Do peaches have the best agent in Hollywood? Photo: Neon

Warning: some mild spoilers ahead.

Parasite’s description seems simple enough: A poor family schemes their way into a wealthy family’s employ — the summer of scam returns! When we meet the poor family (the Kims), they’re living in a below-street-level apartment where they crawl onto elevated toilets to mooch Wi-Fi from their neighbors. Meanwhile, the wealthy family (the Parks) are living in a modernist mansion that’s the finest real estate I’ve seen this side of Big Little Lies. One by one, the Kims, pretending not to know each other, manage to get hired into service at the Park mansion: as tutors for their children, as a housekeeper, as a driver. It seems obvious that the Kims are leeching off the Parks. (“If you put our salaries together,” Ki-taek observes one night, “the amount of money coming from that family into ours is immense.”) But Parasite’s worldview isn’t so simple as to cast one family evil and the other heroic. Director Bong Joon-ho described it as “a comedy without clowns and a tragedy without villains.” Together, the families form a twisted, brilliant octet, and that’s before we get to what’s going on behind certain closed doors.

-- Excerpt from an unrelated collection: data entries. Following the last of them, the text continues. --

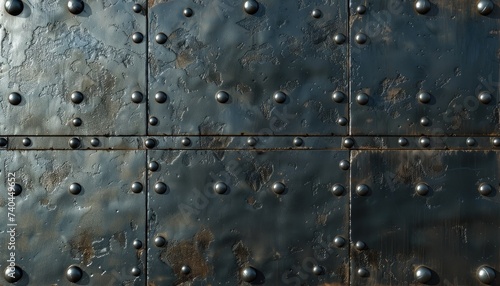 Robust steel plate adorned with rivets for industrial durability. Ai Generated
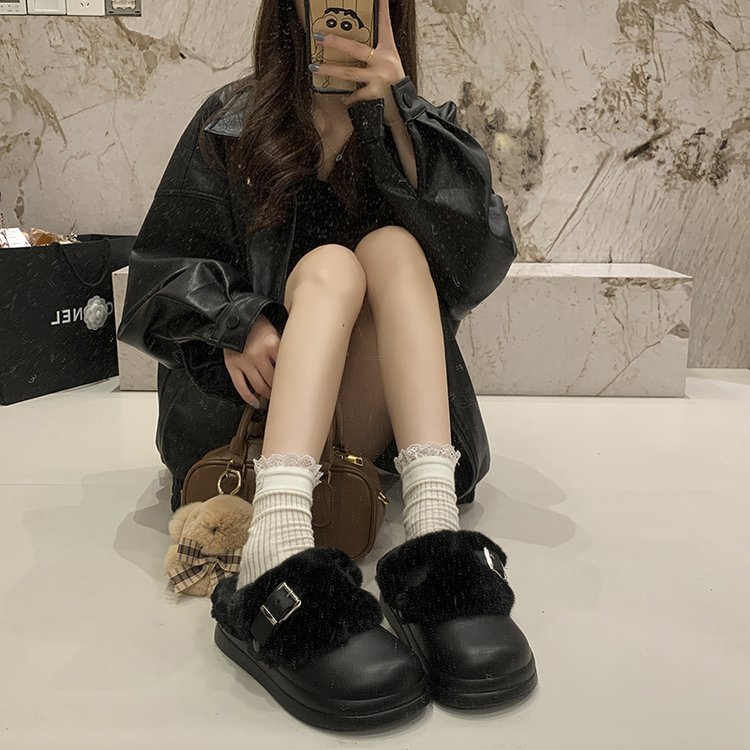Waterproof Eva Thick Bottom Fu - Fluffy Fur Slipper 评论和价格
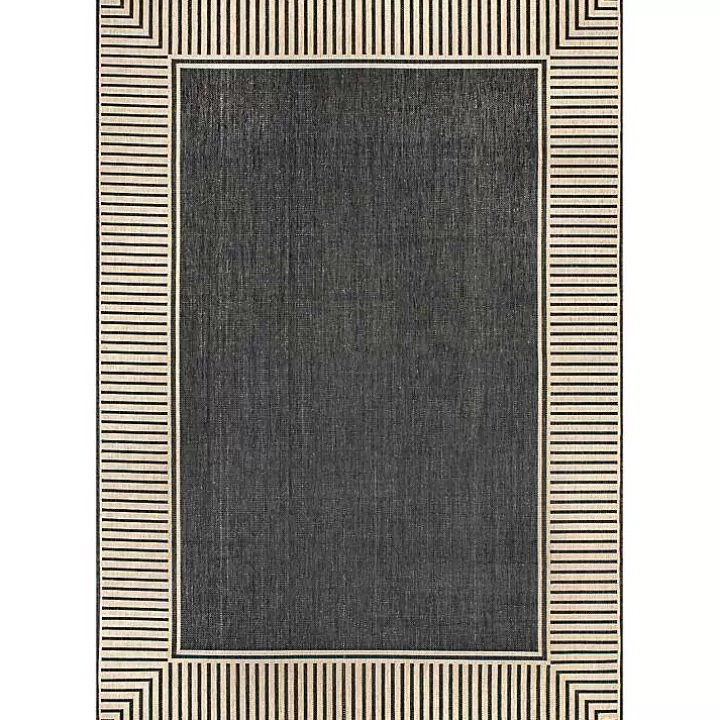 Clearance Asia Gray Stripe Border Outdoor Rug, 5x8 Outdoor Rugs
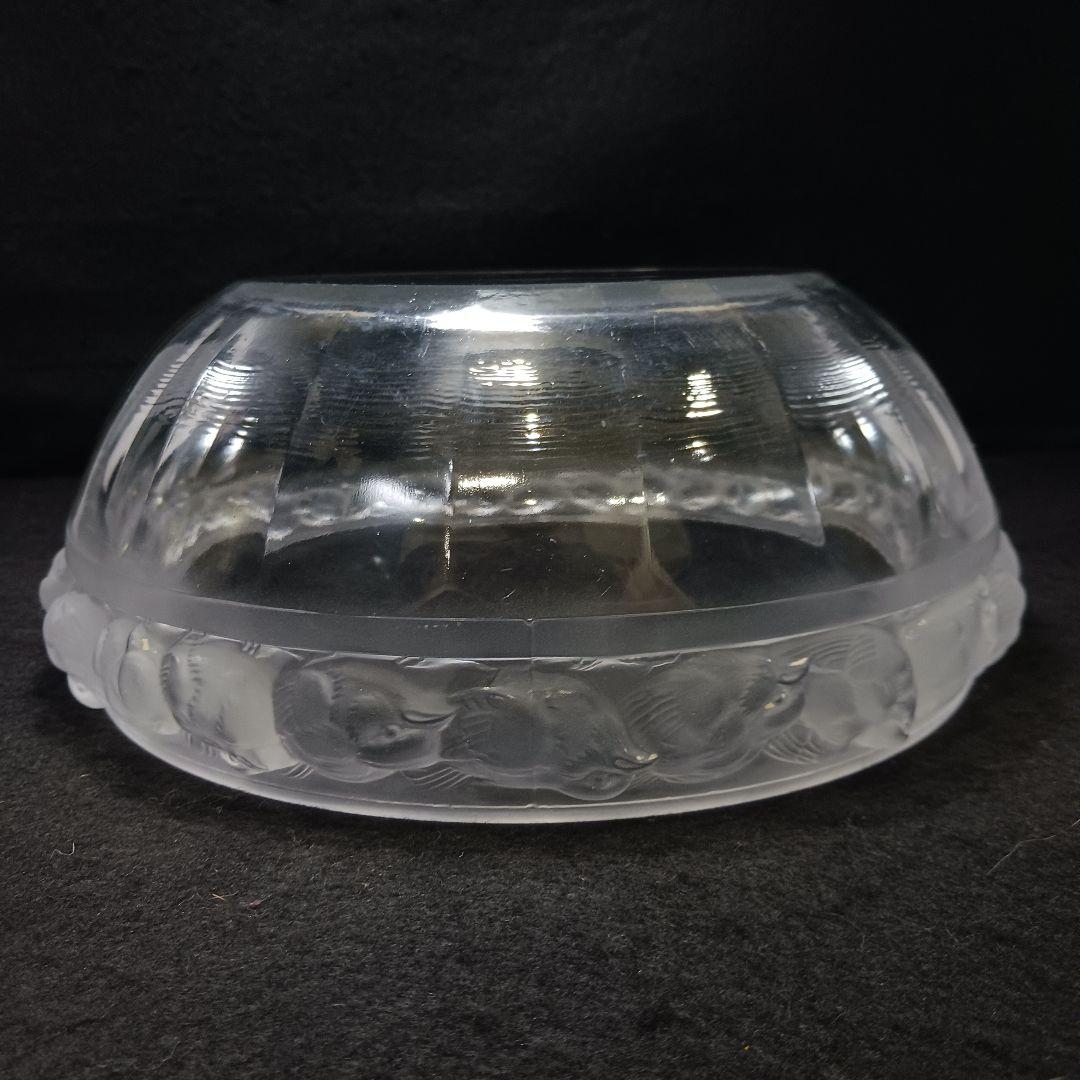 Y2946 ルネ・ラリック メゾンジュ 小鳥 ガラス鉢 直径23㎝　T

But we are gathered here today not to talk about those doors, but to talk about peaches. Because I promise that after Parasite, which screened this week as part of the Toronto International Film Festival, you will not look at them the same way again.

It all starts with the Kim kids — who go by Kevin and Jessica in the Park household and get hired first — as the aforementioned tutors to a daughter and son, respectively. To get their dad on payroll, they plant a pair of panties in the backseat of Mr. Park’s car, framing the family driver and ensuring their father is pulled in as his replacement. Then they set their sights on Park’s longtime housekeeper, Moon-kwang. She’s older, not exactly warm, and a little suspicious of the new staff and how quickly they’ve infiltrated her home. Soon enough, the Kims discover something about her they can exploit: her very serious peach allergy. It’s not a tickle-in-your-throat allergy or something that can be staved off with a few pills — her peach allergy is just as sickly hilarious as Will Smith’s in Hitch. All it takes is a few little scrapes of peach fuzz for Moon-kwang to have to abandon the luxurious house (not so voluntarily) and its blue-blood residents.

And so, upon watching Parasite, here is something I have become convinced of: It’s not the Jennifers (Lawrence or Lopez) or the Chrises (Pine, Evans, Hemsworth, Meloni, or Messina) or the Hollywood Alans (Arkin or Alda, yes I am trying to make this a thing) — peaches have the best agent in Hollywood. They show up in everything, doing everything. I am so happy to report that peaches have continued to be employed as the chaos agent of contemporary cinema, or at least the last two-ish years of my movie-going life. They were penetrated (and, importantly, uneaten) in Call Me by Your Name; they’re poisonous in Parasite; they even have a bit part on Succession, as the last name of the season’s best new character, Cyd Peach!

Sure, pre-Parasite, peaches got a star-making role in Call Me by Your Name. Frustrated-in-love teen Elio Perlman plucks a peach as a summer afternoon snack, but begins stroking it affectionately, and one thing leads to another and — hmm, how to put this delicately? — fucks it. Enter his slightly older lover Oliver who, surprised and amused by Elio’s action, dips a finger into the peach and tastes its remains. I’m imagining the Call Me By Your Name scene as a real ingenue moment for peaches: Grapes and oranges always get to shine, but peaches were overlooked. Peaches were working day shifts at a café and auditioning on afternoons off, like Emma Stone in La La Land. But then, in Call Me by Your Name, they’re discovered! Huzzah, a new “It” fruit arrives in Hollywood — suddenly they’re booked and busy and also ignoring hundreds of emails just to check the Google Alert for their name, which previously only buzzed when James and the Giant Peach was added or removed from a streaming service.

Parasite, though, is the the star-making moment for this fruit. After Call Me by Your Name they were just on a Young Hollywood list, between an ex-Disney star and a YouTuber; now they’re being approached at LAX arrivals by a TMZ reporter waiting for Bieber. The power peaches have: Apples are poisonous in every movie. That’s not range! Bananas are always the butt of some sophomoric phallic gag. That’s not depth! Avocados — which I will admit I did not realize qualified as fruit until this very moment — are the premier lazy person’s signifier for millennial status. Cherries and lemons were each immortalized by separate Beyoncé projects, so they’re doing just fine.

Strawberries, watermelon, grapefruit, and blackberries: You should all be calling peaches’ agent. Cantaloupes can choke though, because I’m pretty sure I’m allergic.